|
|
Pazar hikayeleri
TBMM'de bir milletvekilini ziyarete gelen şahsa, sekreter şöyle der: "Cep telefonunuzu bırakın, sayın milletvekilim sizi arayacaktır." Peki adam ne yapar? Adam cep telefonu makinesini sekretere bırakıp gider.

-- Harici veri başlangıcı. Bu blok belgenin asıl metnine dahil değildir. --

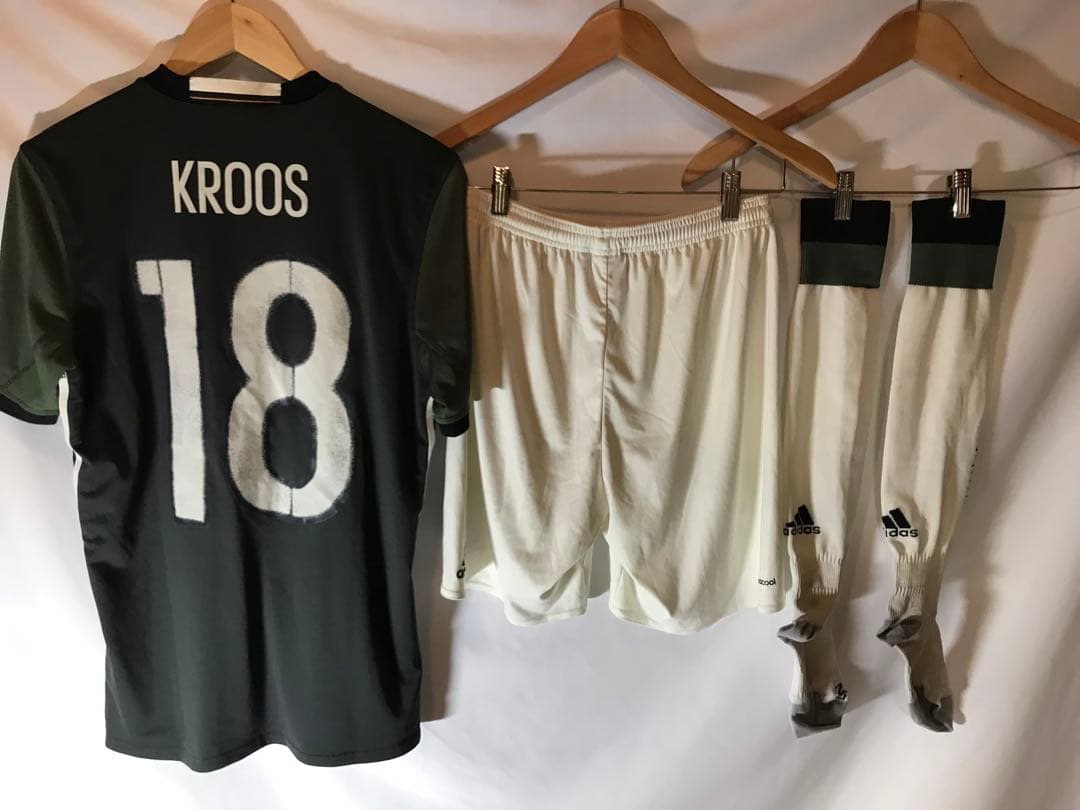 正規品adidasドイツ代表「18」クロース Mユニフォームパンツソックスセット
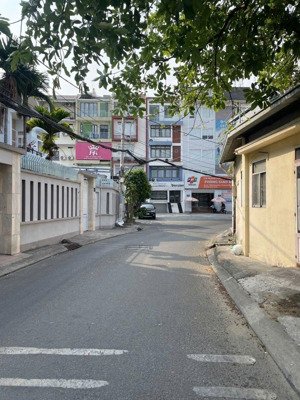 mặt tiền kinh doanh căn góc 2 mt đường 5, linh chiểu thủ đức 81m2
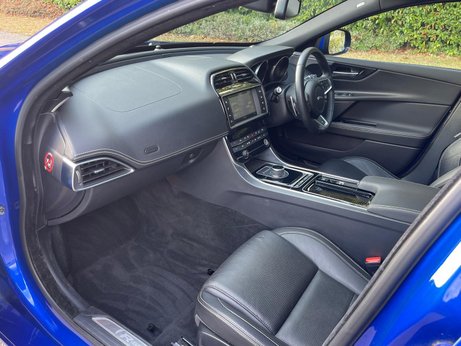 Jaguar XE 2.0i R-Sport Saloon 4dr Petrol Auto Euro 6 (s/s) (200 ps) 50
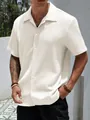 Vista macro dettagliata della trama a nido d'ape sulla camicia estiva da uomo crema - Taglia S / Top / Bianco avorio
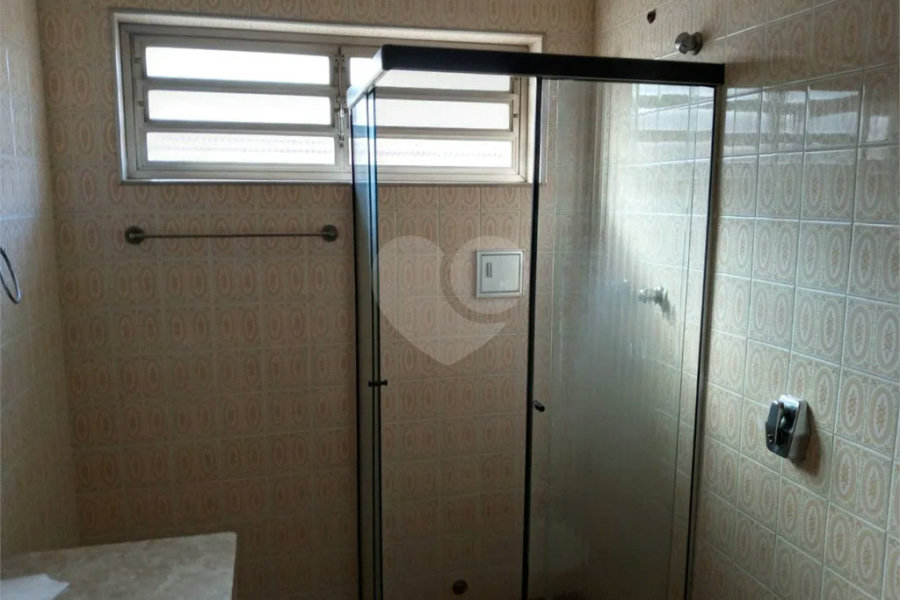 Casa com 4 dormitórios e 4 vagas.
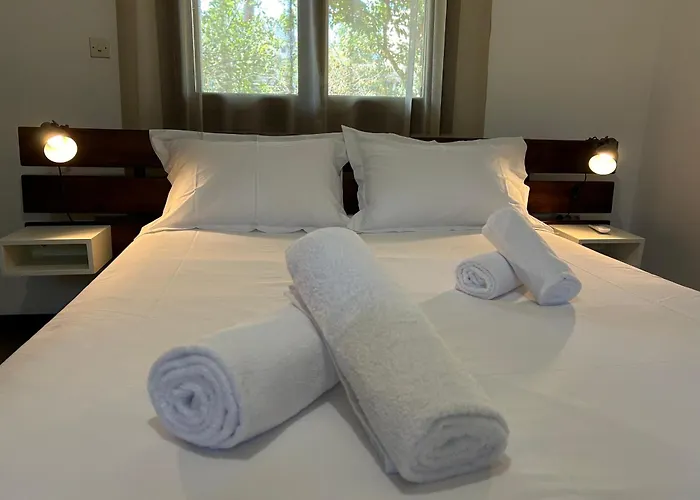 Artemis Airport Stay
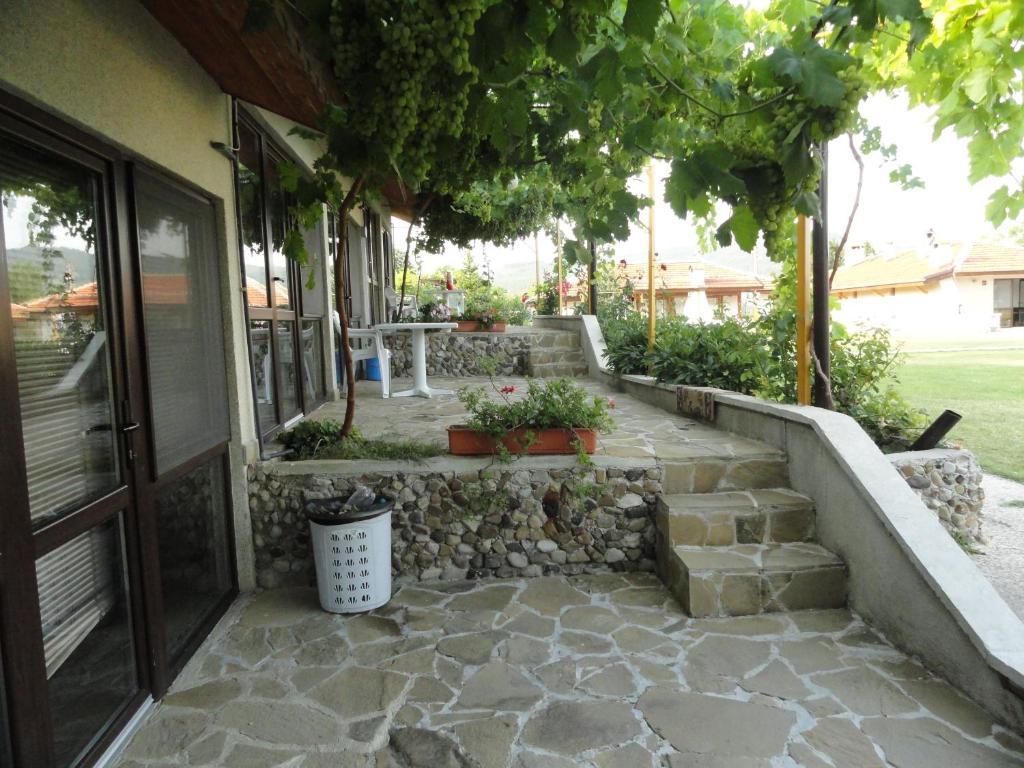 Family Hotel Belvedere Dŭlgopol Oda fotoğraf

*** İlk sinyalizasyon çalışmaları sırasında Elazığ Gazi Caddesi'ne trafik ışıkları yerleştirilir ve ışıkların yanına da halkı bilgilendirmek amacıyla bir trafik polisi görevlendirilir. O sırada yayalara kırmızı ışık yanmasına rağmen yaşlı bir kadın yanında torunuyla birlikte karşıdan karşıya geçmek ister. Trafik polisi elindeki megafonla "Yaya, yaya teyze nereye gidiyorsun?" diye seslenir. Yaşlı kadın polise ters ters bakar ve şöyle der: "Densize bak. Kaynımgillere gidiyorum. Sana ne?"
*** Polis radyosunda en sık yapılan anonslardan birisi de şudur: "Polis sizin en büyük dostunuzdur. Polise güvenin, polisi sevin." Bir gün spiker bu anonsu yaptıktan sonra devam eder: "Şimdi de Orhan Gencebay söylüyor sevgili dinleyiciler. Ben sevdim de ne oldu?" Yine bir başka gün spiker anonsa başlar. "Polis huzurun güvencesidir. Şimdi de Ferdi Tayfur'dan dinliyoruz. Huzurum kalmadı." Hikayelerin hepsi gerçek. Yazarı ise Renault'nun Trafik Afişi Yarışması'nda tanıştığım bir emniyet müdürü. Feyzullah Arslan anılarını, komik polis hikayelerini bir kitapta toplamış. İsmine de "Gül, güldür, düşündür" demiş. Tam pazar hikayeleri değil mi?